◆ YOUR TASK
Reproduce the listing word for word, leaving every picture behind.

◆ SUPPLIED DATA

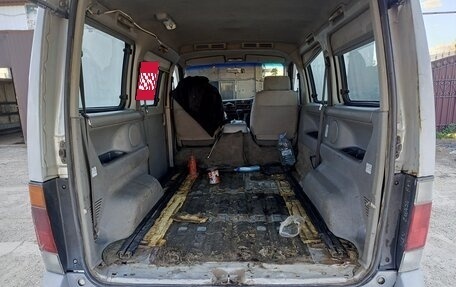 Mazda Bongo Friendee i рестайлинг, 1996 год, 320 000 рублей, 4 фотография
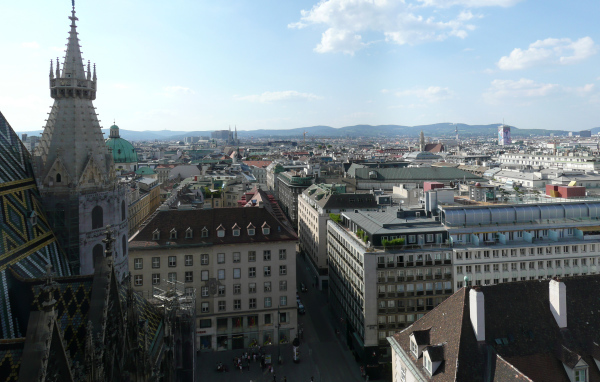 Городские улицы в городе Вена, Австрия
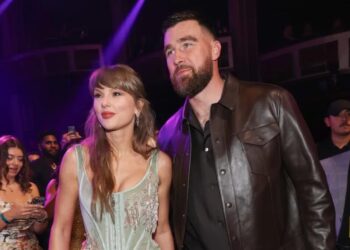 Тейлор Свіфт показала рідкісні кадри з поїздки з Тревісом Келсі до його рідного міста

◆ TASK SOLUTION
 Mazda Bongo Friendee i рестайлинг, 1996 год, 320 000 рублей, 4 фотография
 Городские улицы в городе Вена, Австрия
 Тейлор Свіфт показала рідкісні кадри з поїздки з Тревісом Келсі до його рідного міста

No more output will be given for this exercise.